I have a friend who says if you’re not expanding, you’re shrinking. For a while, I didn’t believe this. I thought there was a kind of plateau phase you could chill in for a while.
I was wrong.
We so often get stuck in our comfort zones. Our friends. Our partners. Our coworkers. The usual transit home. The usual weekend plans. The usual people. The usual projects.
Slowly, we can start to convince ourselves that there’s no one else out there worth meeting.

‘Different’ becomes ‘scary.’

Then we’re a few years down the track and wonder why our lives have become so uncomfortable, like a sweater three sizes too small, squeezing off the circulation at our wrists, like shackles, the collar wrapped tight around our necks in what feels like a chokehold.

When my grandfather died, my grandmother  lost her other half,  the foundation upon which she’d built her identity and sense of self for decades.

 She could have, and no one would’ve blamed her, started to shrink.
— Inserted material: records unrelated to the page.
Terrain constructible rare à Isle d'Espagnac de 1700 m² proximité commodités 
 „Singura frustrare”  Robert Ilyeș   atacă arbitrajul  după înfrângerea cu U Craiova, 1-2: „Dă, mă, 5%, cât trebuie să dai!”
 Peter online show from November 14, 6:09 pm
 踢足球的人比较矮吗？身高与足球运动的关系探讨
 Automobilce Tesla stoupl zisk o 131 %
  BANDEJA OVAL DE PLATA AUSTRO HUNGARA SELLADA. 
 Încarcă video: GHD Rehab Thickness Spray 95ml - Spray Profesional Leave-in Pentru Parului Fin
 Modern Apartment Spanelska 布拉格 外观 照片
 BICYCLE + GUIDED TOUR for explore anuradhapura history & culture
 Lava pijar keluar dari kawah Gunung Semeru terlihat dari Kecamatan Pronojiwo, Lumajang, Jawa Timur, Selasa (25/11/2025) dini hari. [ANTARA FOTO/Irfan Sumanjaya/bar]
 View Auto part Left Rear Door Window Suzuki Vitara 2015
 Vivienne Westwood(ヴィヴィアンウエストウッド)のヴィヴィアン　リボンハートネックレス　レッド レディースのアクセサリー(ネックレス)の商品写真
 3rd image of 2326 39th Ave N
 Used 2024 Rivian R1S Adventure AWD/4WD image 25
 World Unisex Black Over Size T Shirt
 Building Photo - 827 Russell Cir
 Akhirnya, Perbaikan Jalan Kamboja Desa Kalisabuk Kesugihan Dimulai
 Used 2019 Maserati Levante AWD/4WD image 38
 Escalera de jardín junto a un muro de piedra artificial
To pull back into herself. To potter around the now-empty house, creeping around the big empty spaces in routine my grandfather had left, until she simply joined him too.
She didn’t do that. Not even a little. She started volunteering at Meals On Wheels once a week, delivering meals to those who couldn’t cook for themselves. She joined a Probus Club, which in Australia is a group of semi-retired people who meet regularly to keep their minds active, expand their interests and meet new friends. Creativity pulsing through her, she started knitting these incredibly intricate dolls that she’d drop off to the local hospital each fortnight, to be given to children going into surgery who didn’t have a doll to cuddle themselves.
She got busy expanding. So busy, in fact, that when I called her to hang out I’d more often than not get; “No, sorry Cait, can’t do today… let my check my diary… okay, we can get lunch together Thursday next week?”
My grandmother officially had a better social life than me.

What is my point to all this?

While I, and so many other people who define themselves as an introvert, do have to do the work to honour their boundaries and know when they need to recharge in solitude, that is not an excuse to not live in ‘expand’ mode.

When you are not expanding, you are shrinking.

There are always more people to meet.
More stories waiting to happen.
More adventures waiting for you, just dying for you to say the one word of consent, of free fall, of surrender; ‘Yes. Take me. I want to taste it all.’
There are entire universes lying dormant in you, aspects of yourself you haven’t even met yet. Parts you will never meet if you keep just doing the same shit you’ve always done, for the next 60, 70, 80 years.
We have to rebel against mediocrity. We have to push back at the desire to sink into whats comfortable and safe, push with everything we have.

You’re not finished yet. Your story isn’t finished. It isn’t even close.